An exact copy of the records below is required, and it must contain no pictures.

Top of Input data

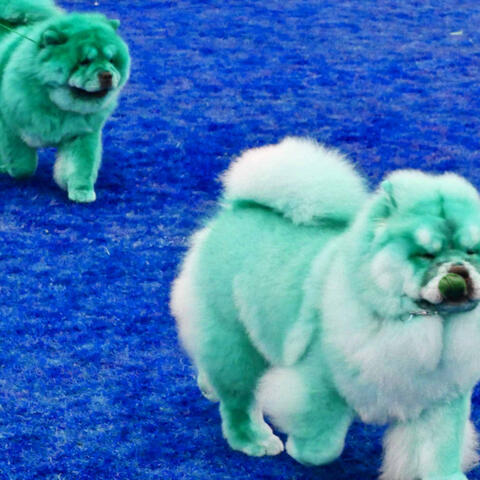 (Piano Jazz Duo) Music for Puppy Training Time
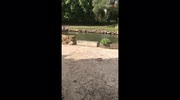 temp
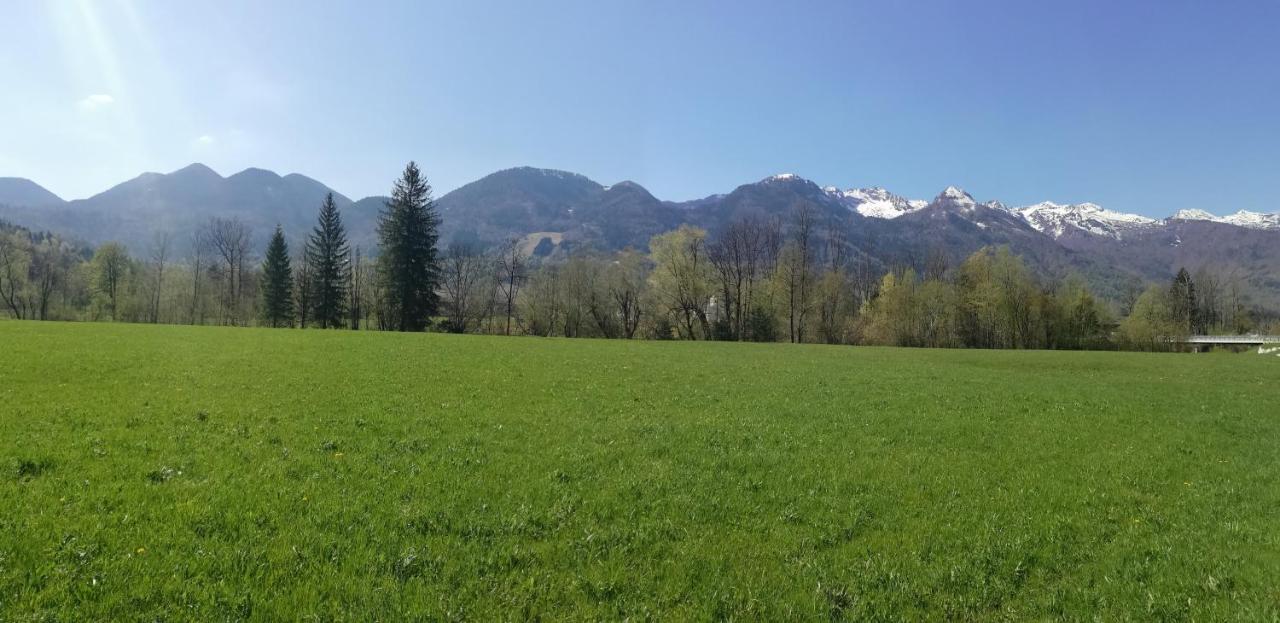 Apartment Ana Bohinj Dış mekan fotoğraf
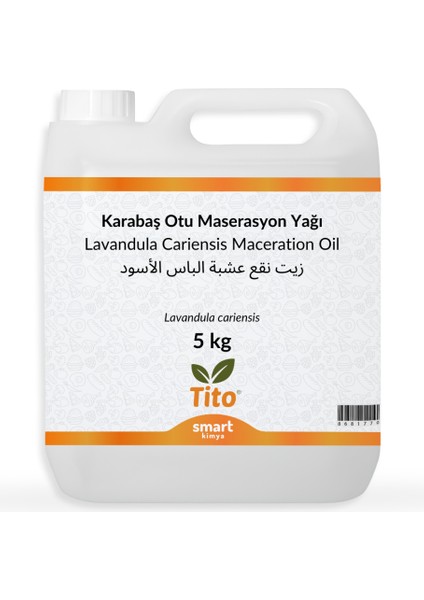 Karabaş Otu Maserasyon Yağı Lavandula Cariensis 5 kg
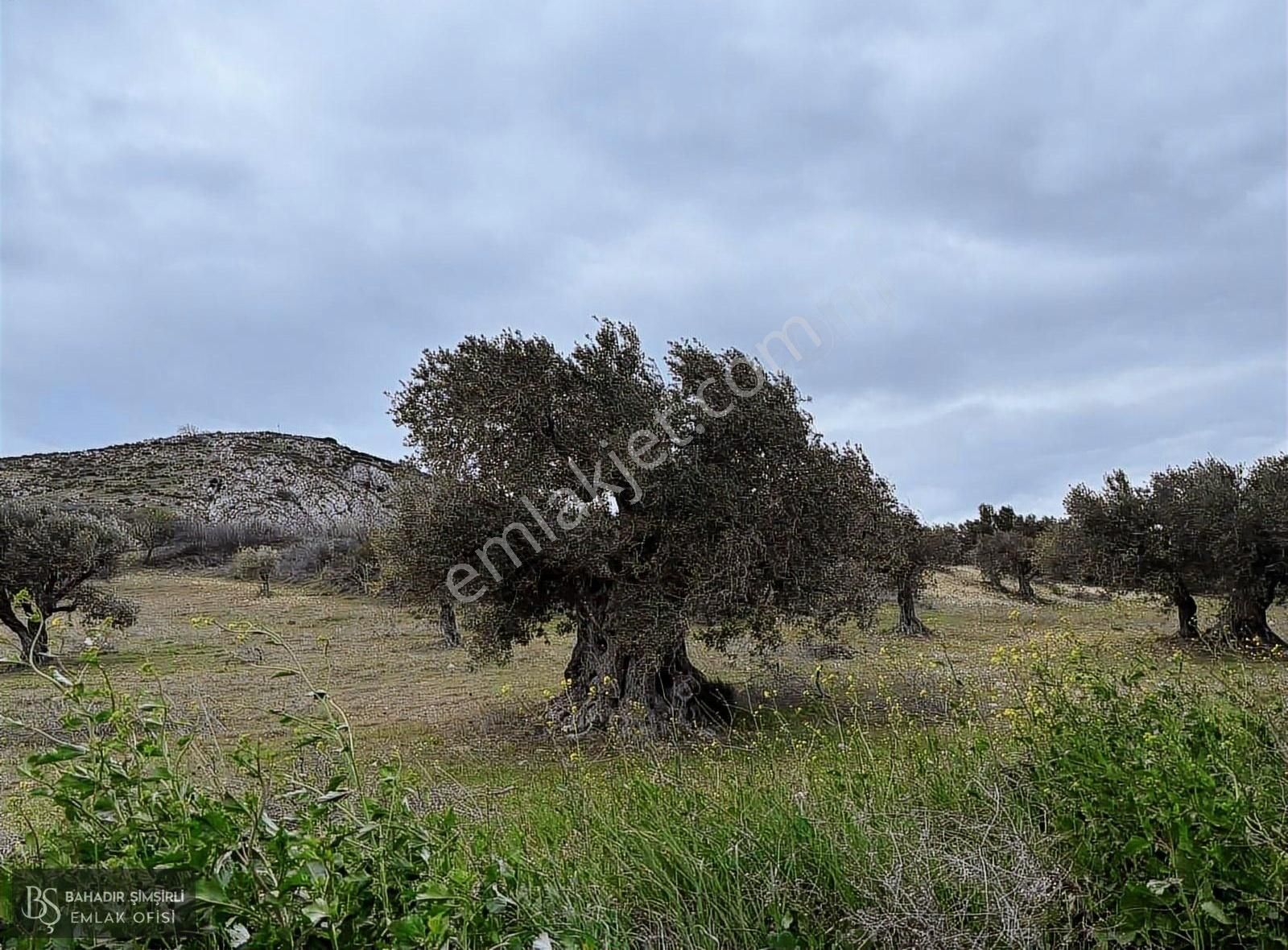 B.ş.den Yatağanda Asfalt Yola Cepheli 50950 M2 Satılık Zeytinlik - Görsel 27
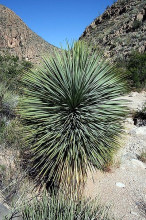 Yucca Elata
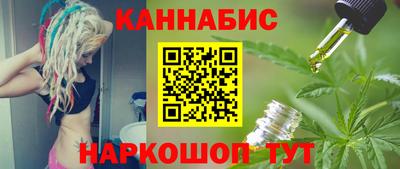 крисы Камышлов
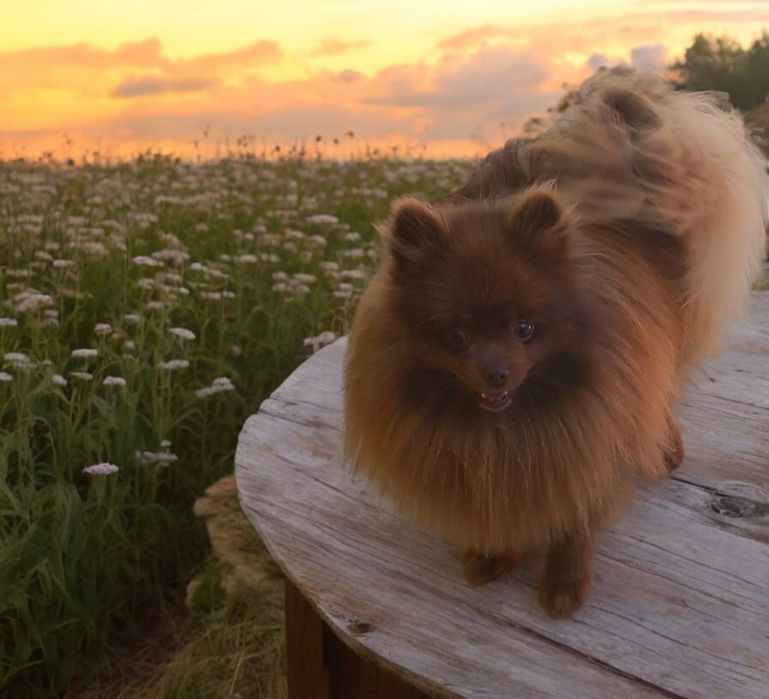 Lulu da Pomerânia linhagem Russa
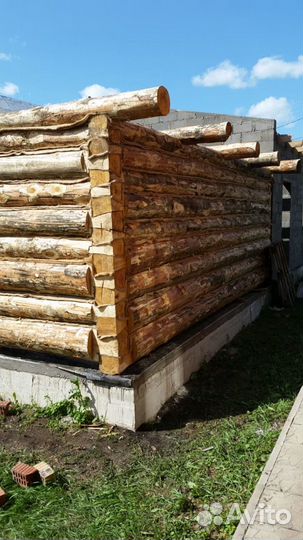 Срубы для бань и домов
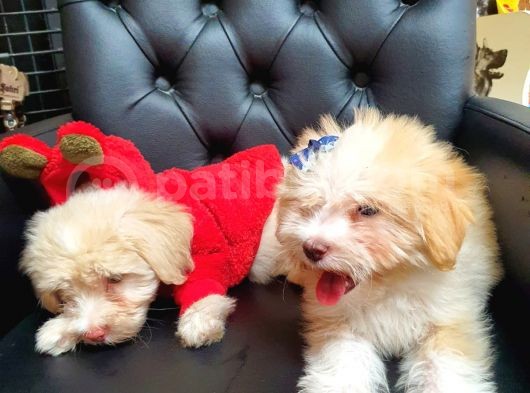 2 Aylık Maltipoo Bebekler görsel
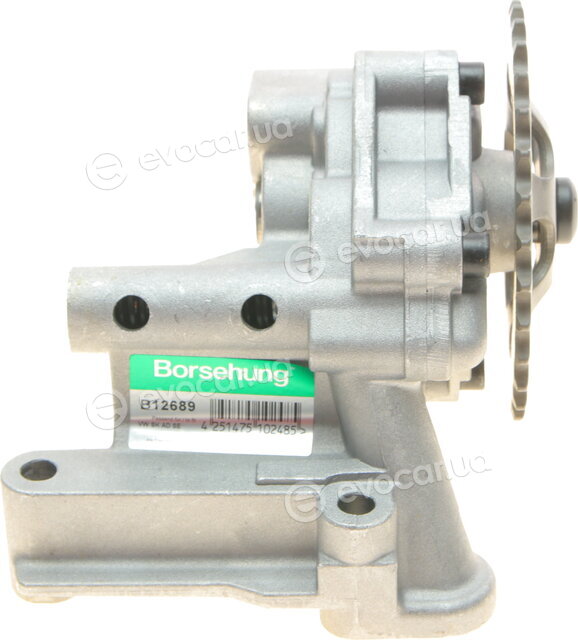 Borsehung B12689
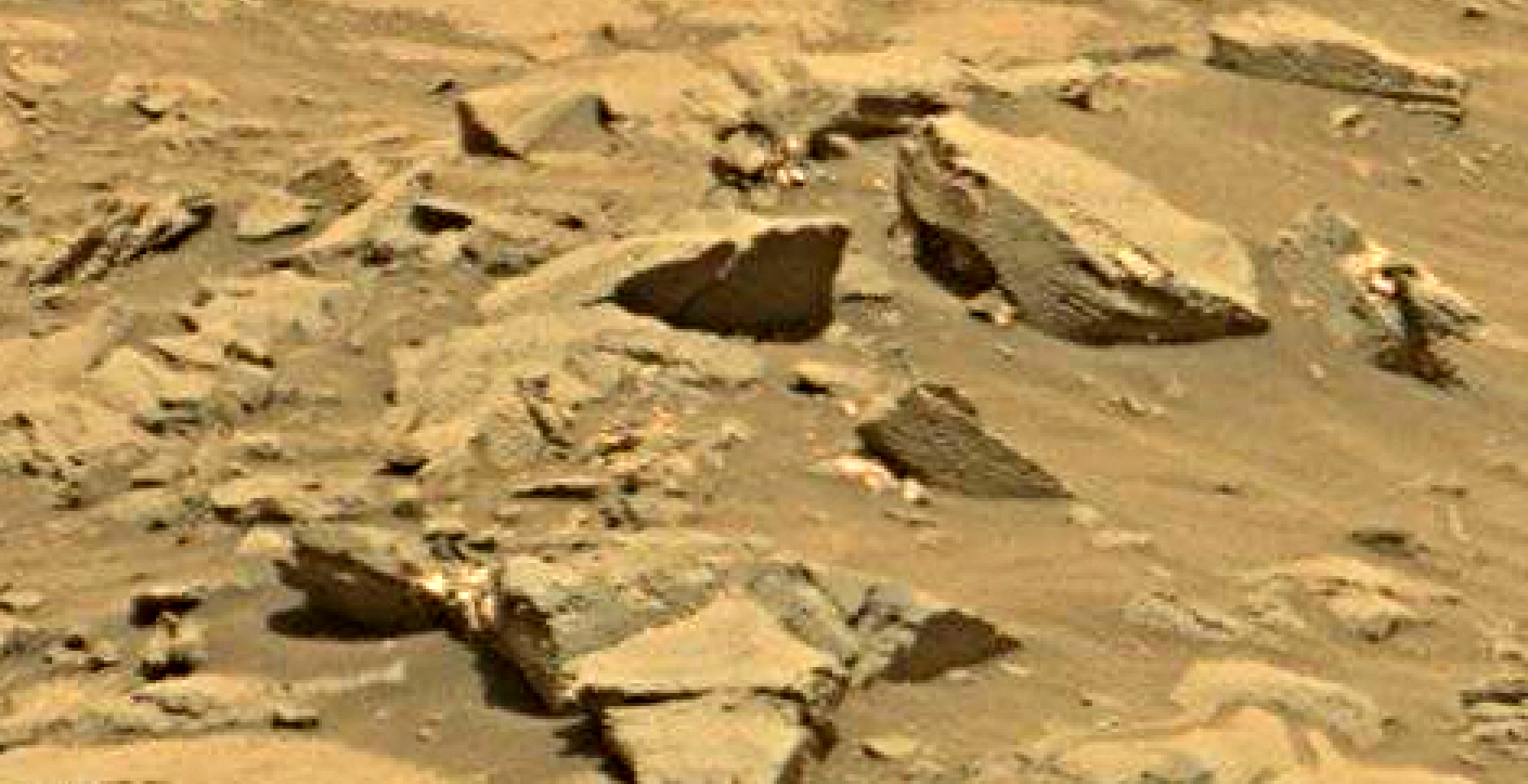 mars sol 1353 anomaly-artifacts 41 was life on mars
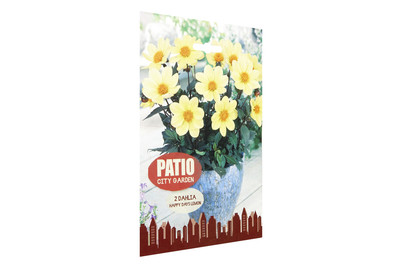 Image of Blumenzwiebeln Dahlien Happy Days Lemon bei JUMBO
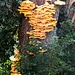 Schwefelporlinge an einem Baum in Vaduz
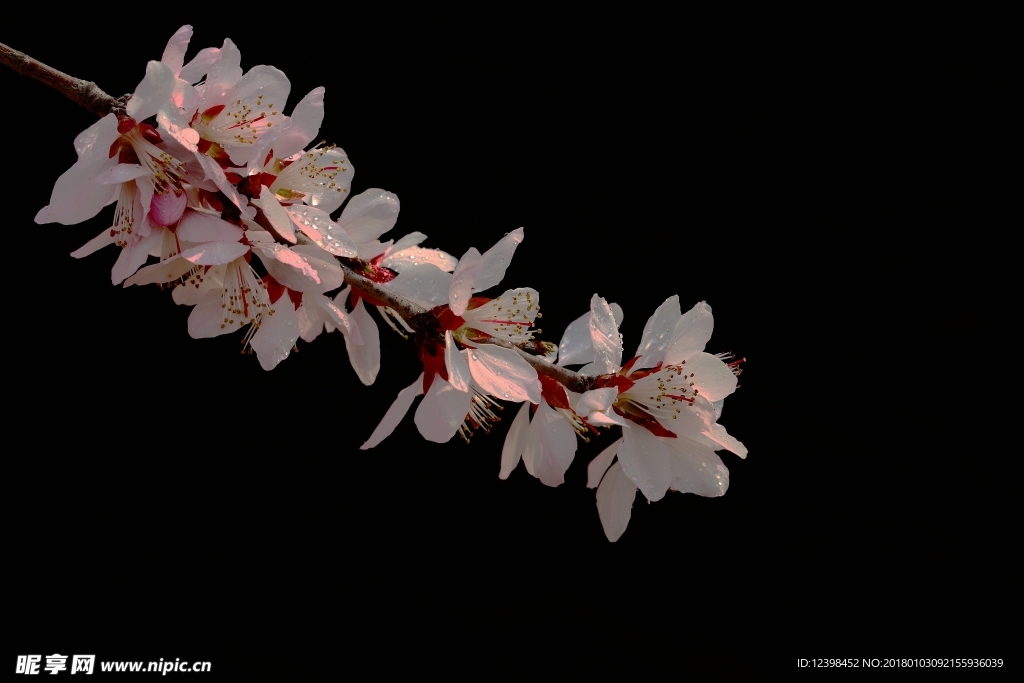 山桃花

Bottom of Input data

**Output for this exercise:**
 (Piano Jazz Duo) Music for Puppy Training Time
 temp
 Apartment Ana Bohinj Dış mekan fotoğraf
 Karabaş Otu Maserasyon Yağı Lavandula Cariensis 5 kg
 B.ş.den Yatağanda Asfalt Yola Cepheli 50950 M2 Satılık Zeytinlik - Görsel 27
 Yucca Elata
 крисы Камышлов
 Lulu da Pomerânia linhagem Russa
 Срубы для бань и домов
 2 Aylık Maltipoo Bebekler görsel
 Borsehung B12689
 mars sol 1353 anomaly-artifacts 41 was life on mars
 Image of Blumenzwiebeln Dahlien Happy Days Lemon bei JUMBO
 Schwefelporlinge an einem Baum in Vaduz
 山桃花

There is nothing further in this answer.